** Records for this task follows **

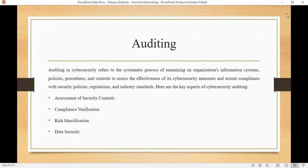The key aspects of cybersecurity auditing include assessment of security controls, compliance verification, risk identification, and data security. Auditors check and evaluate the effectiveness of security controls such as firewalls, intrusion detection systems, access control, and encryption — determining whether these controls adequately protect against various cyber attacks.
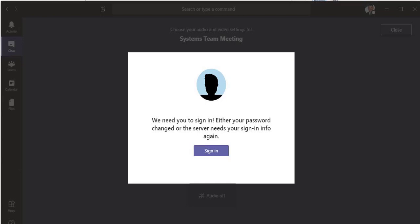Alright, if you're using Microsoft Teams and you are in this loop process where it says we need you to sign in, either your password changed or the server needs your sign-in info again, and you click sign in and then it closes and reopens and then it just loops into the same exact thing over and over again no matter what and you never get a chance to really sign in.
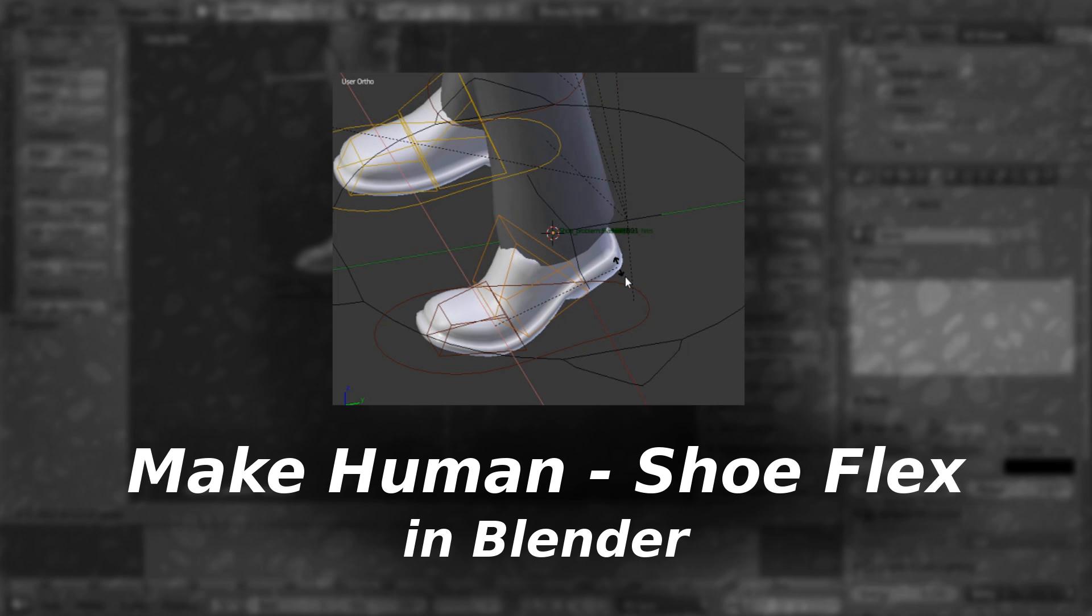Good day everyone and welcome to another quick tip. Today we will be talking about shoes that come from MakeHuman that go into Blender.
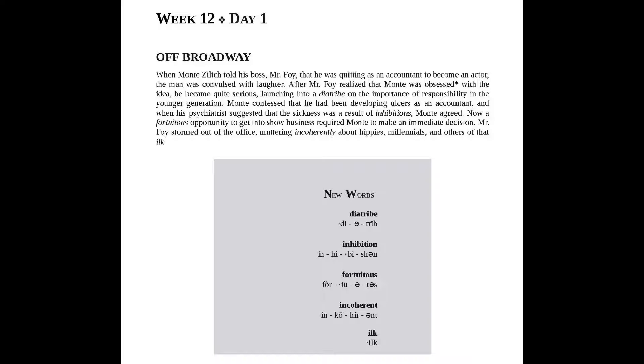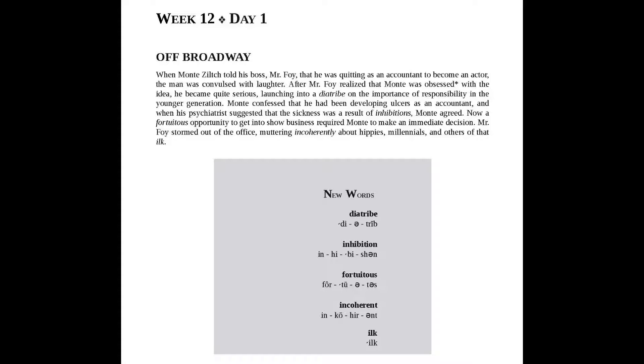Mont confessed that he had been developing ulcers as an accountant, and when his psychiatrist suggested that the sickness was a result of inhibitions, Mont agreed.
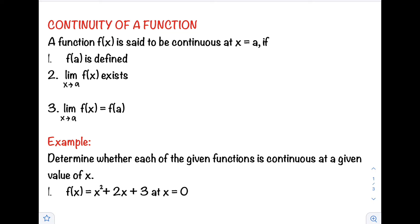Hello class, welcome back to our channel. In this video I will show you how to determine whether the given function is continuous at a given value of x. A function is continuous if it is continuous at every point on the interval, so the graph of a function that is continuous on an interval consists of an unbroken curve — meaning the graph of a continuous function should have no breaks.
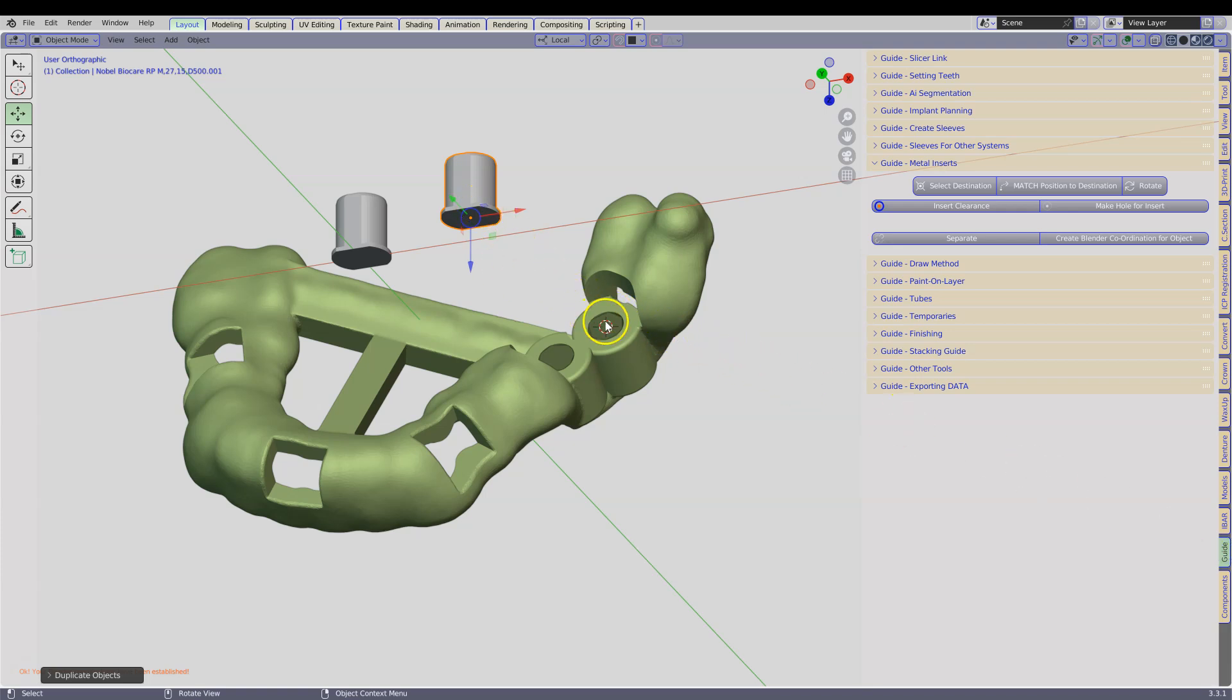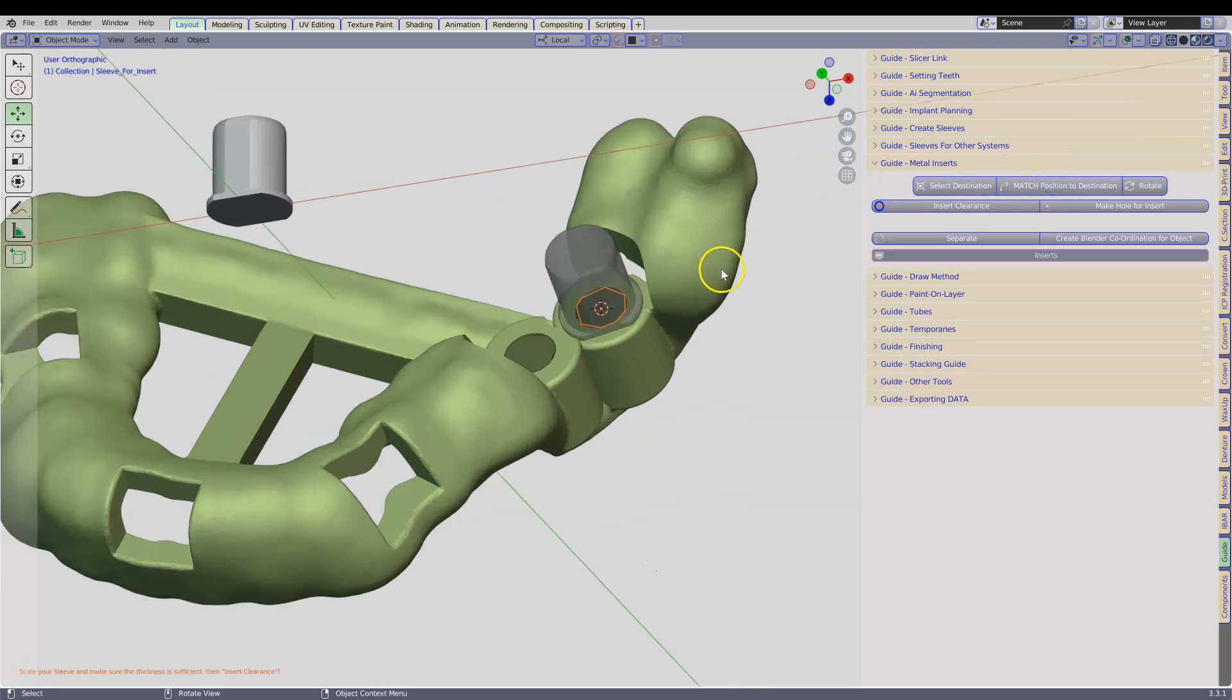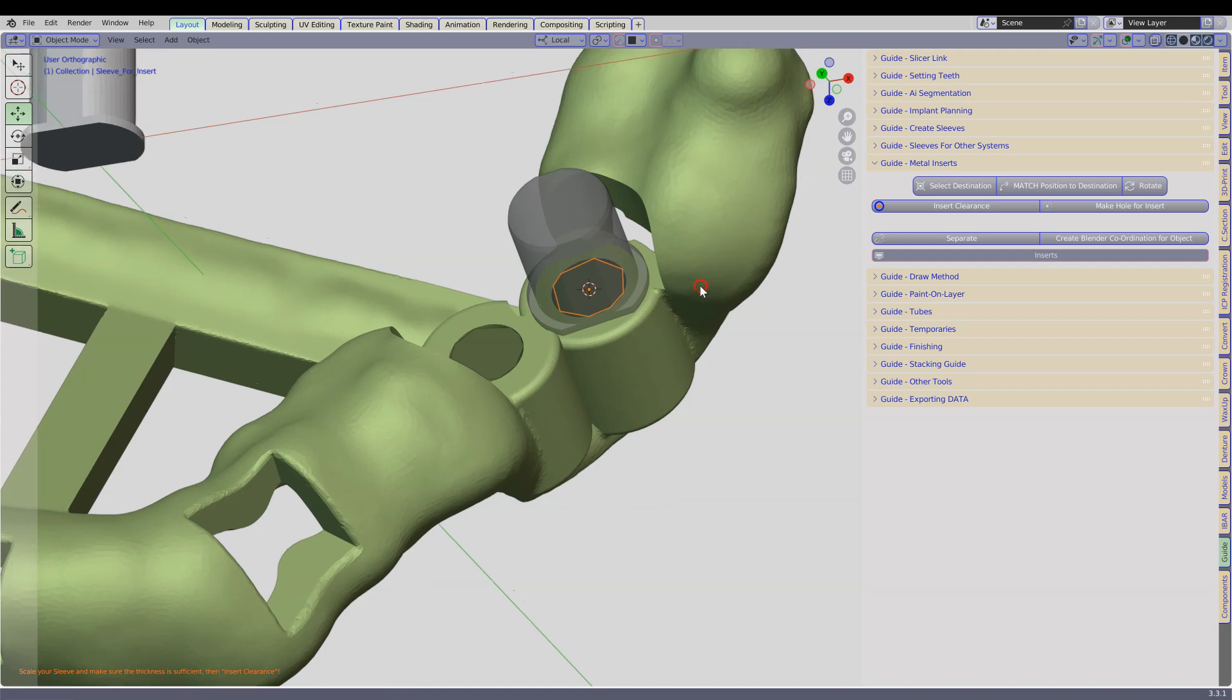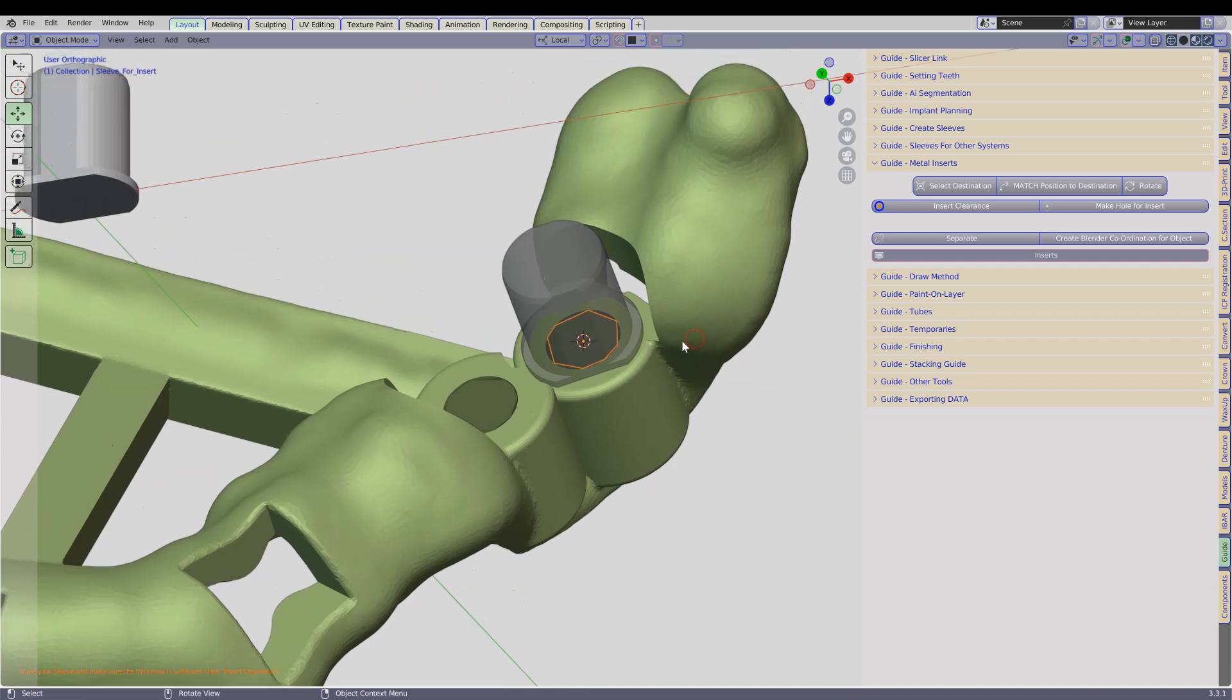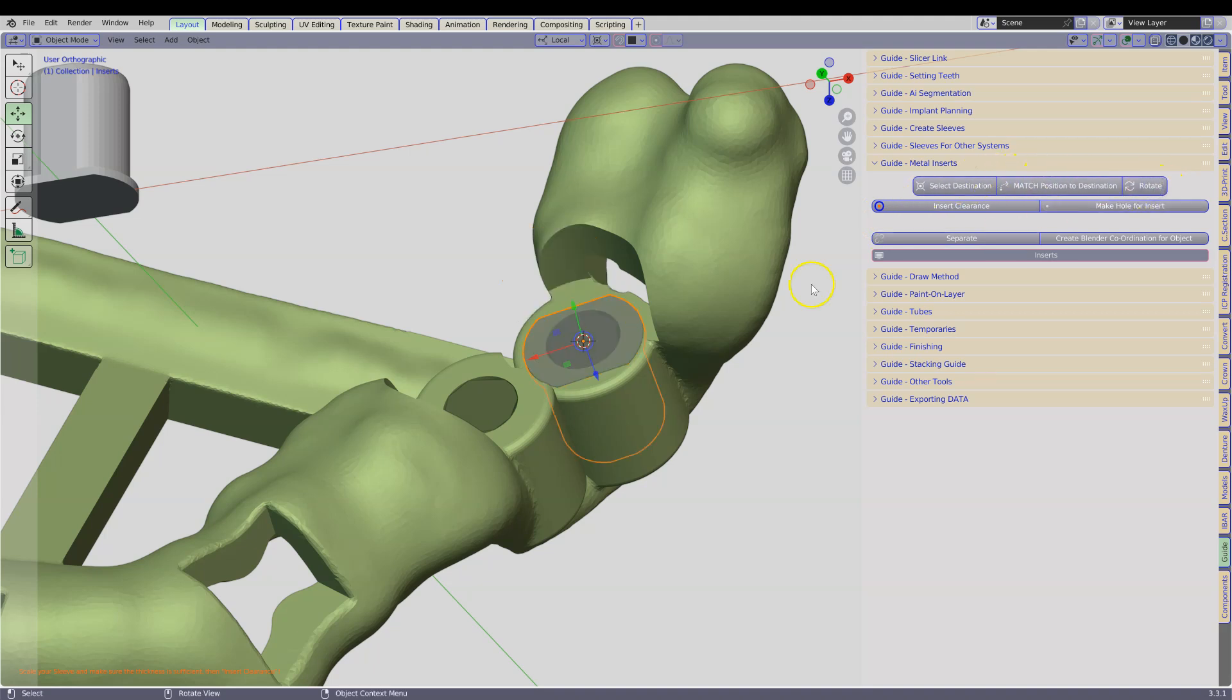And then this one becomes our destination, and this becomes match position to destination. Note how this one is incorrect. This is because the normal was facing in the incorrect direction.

** End of Records for this task **

### Problem to solve
Reproduce every entry word for word, but omit the pictures.

### Final answer
The key aspects of cybersecurity auditing include assessment of security controls, compliance verification, risk identification, and data security. Auditors check and evaluate the effectiveness of security controls such as firewalls, intrusion detection systems, access control, and encryption — determining whether these controls adequately protect against various cyber attacks.
Alright, if you're using Microsoft Teams and you are in this loop process where it says we need you to sign in, either your password changed or the server needs your sign-in info again, and you click sign in and then it closes and reopens and then it just loops into the same exact thing over and over again no matter what and you never get a chance to really sign in.
Good day everyone and welcome to another quick tip. Today we will be talking about shoes that come from MakeHuman that go into Blender.
Mont confessed that he had been developing ulcers as an accountant, and when his psychiatrist suggested that the sickness was a result of inhibitions, Mont agreed.
Hello class, welcome back to our channel. In this video I will show you how to determine whether the given function is continuous at a given value of x. A function is continuous if it is continuous at every point on the interval, so the graph of a function that is continuous on an interval consists of an unbroken curve — meaning the graph of a continuous function should have no breaks.
And then this one becomes our destination, and this becomes match position to destination. Note how this one is incorrect. This is because the normal was facing in the incorrect direction.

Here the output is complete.